In this day and age, it is critical that followers of Jesus know how to think clearly and biblically about their faith and how it intersects with and often contrasts with how the world thinks. These areas include one's worldview, the fact that faith is not blind, why the truth matters, why seeing design in creation points to a designer, and evidence for the soul, resurrection, and the Bible. How can God allow evil, and how do we talk with skeptics? Dr. McDowell discusses these topics and others in this easy-to-understand course on apologetics.

Faith is not Blind
Sean McDowell
Lesson 4
Essentials of Apologetics

So far we've been talking about the importance of apologetics, looking at different worldviews, why a spiritual quest should begin with Christianity.
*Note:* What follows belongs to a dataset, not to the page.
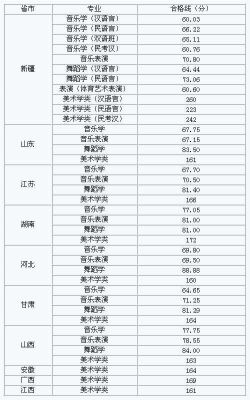 新疆师范大学2023年美术生录取分数线？美术师范专业分数线是多少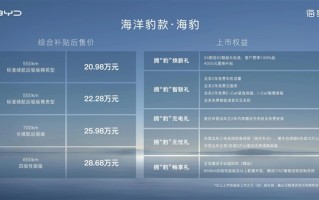 车身、电池合二为一！比亚迪海豹上市：20.98万起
One of our four points is that Christianity is testable. Now, in your minds, possibly a lot of Christian's minds and non-Christian, you think testable, that's weird. We can test things in science. We can test things in history, not the same way, but we consider the facts. Isn't religion more about your personal values and your feelings and your community? Without realizing it, we often place religion in the category of just something we value that gives us purpose, but not something that's true or something that's false. Hence, the most common adjective we use for faith is that faith is blind. That's exactly right.
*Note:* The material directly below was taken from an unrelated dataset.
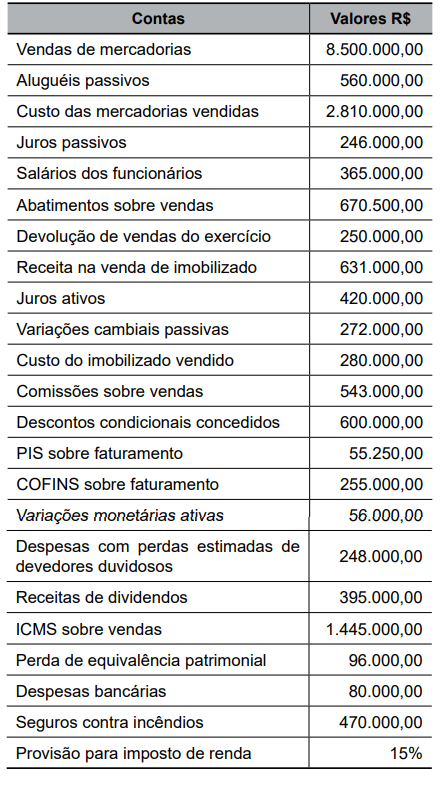 Imagem associada para resolução da questão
Now, before we start to lay out a positive case step-by-step for the truth of Christianity, it seems like we need to pause and consider the idea that faith is blind, because if you think faith is blind, you might think this entire endeavor of trying to show that it's true is misguided. Let's walk through scripturally what scripture says about the nature of faith.

About four or five years ago, I had a public debate with an atheist and it was up in the northwest, and what was fun about this is we were each invited to come up with two common misconceptions we think the other side has and then without knowing what they are, present them live and discuss and debate it. One of my points is I said, "Please stop saying that faith is blind. Spread the word to the atheist community for me that we don't think faith is blind." I said, "Now, with that said, there's a lot of Christians that contribute to this, so I understand why you might think faith is blind, but faith is not blind. It's built upon the evidence."

Now, this atheist started to push back and he started to say, "Wait a minute, I don't buy the evidence. It's not good." And we started debating the evidence. Later I looked back and I thought, "Wait a minute, I missed the point." Once he started debating the evidence, he was conceding that Christianity is a matter of the evidence. I should have stopped and said, "We can debate the Bible, we can debate God later. It sounds like you're conceding my point that faith is not blind."

But this isn't just outspoken atheist YouTubers and authors. It's amazing how many people within the church and people you run into have this idea. My wife and I bought a car a number of years ago and we were out test-driving this car and of course, our car salesman was asking us questions. "So how long have you two been married? Do you have kids? What's your job?" And I said, "Well, I teach..." Sometimes I'll say, "I teach apologetics." Sometimes people don't have a clue what that means, so I'll say, "I teach theology and philosophy." And I said, "Yeah, I teach theology and philosophy at a school called Talbot School of Theology at Biola." And he said word for word, I wrote it down, he goes, "Interesting. It's fun to discuss the big questions that no one has an answer to."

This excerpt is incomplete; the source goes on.